Firdha Novialita – A human rights group on Tuesday criticized President Susilo Bambang Yudhoyono's plan to propose an international protocol against religious defamation at a United Nations General Assembly meeting in New York on Tuesday.
"We seriously condemn the president's blasphemy resolution," M. Choirul Anam, deputy director of the Human Rights Working Group, said at a press conference on Tuesday in Jakarta. "This shows a setback in Indonesian diplomacy."
Yudhoyono said at a press conference over the weekend that he would propose the international protocol at the UN's 67th General Assembly, in the interest of maintaining world peace and preventing conflict.
"Indonesia has a moral obligation to convey opinions and also to think of an international protocol on how we can prevent actions or initiatives that could be categorized as religious blasphemy, from one religion to another," Yudhoyono said.
Yudhoyono's announcement came in the wake of a recently released anti-Islam film that has incited protests, some violent, across the globe.
Choirul said regardless, Yudhoyono's proposal amounted to retrograde diplomacy and tainted the image of Indonesia.

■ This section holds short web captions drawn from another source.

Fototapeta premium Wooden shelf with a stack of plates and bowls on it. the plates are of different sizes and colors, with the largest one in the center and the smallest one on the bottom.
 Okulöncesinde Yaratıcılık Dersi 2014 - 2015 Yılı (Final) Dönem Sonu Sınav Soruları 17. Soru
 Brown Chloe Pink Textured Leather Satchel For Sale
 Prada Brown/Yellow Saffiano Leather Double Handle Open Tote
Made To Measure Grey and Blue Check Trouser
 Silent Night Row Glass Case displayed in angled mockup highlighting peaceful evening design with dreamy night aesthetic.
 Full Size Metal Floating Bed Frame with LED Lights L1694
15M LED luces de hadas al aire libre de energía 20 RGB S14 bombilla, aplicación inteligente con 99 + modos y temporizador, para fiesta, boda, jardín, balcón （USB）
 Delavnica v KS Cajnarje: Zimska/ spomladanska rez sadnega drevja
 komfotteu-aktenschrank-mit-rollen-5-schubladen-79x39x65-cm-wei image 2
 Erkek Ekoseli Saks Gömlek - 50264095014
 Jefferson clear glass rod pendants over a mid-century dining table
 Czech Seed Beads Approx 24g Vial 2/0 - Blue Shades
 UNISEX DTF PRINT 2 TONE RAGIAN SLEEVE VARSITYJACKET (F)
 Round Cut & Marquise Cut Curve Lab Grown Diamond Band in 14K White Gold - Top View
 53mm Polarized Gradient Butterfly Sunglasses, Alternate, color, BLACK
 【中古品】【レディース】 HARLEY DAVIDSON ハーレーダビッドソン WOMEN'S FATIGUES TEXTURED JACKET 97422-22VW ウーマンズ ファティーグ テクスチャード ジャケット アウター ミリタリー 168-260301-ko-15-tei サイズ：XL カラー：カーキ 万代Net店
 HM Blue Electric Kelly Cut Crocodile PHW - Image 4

"[An anti-] blasphemy resolution threatens minority groups," Choirul said. "Proposing a blasphemy [protocol] means we're asking other countries to do bad things. This threatens world peace."
HRWG stated that the government should have learned from its implementation of the nation's 1965 Blasphemy Law, which the rights group said has been used to tolerate or justify violence in the name of religion.
"In the Tajul Muluk case that used the Blasphemy Law, the punishment was heavier, from an [initial] two [years in prison] into four years," Choirul said, referring a decision by the East Java high court to extend the sentence first handed down by a district court. "With this resolution, it means calling for the world to get worse."
Tajul is a Shiite leader in Sampang, East Java, who was convicted by the district court there of religious defamation on July 12. Prosecutors found him guilty of spreading teachings that contradicted mainstream Islam and had caused "public anxiety."
Tajul's followers in Sampang have been attacked multiple times by Sunni Muslims for their adherence to the cleric's teachings. Two Shiite followers were killed and several others were injured in one mob attack in late August.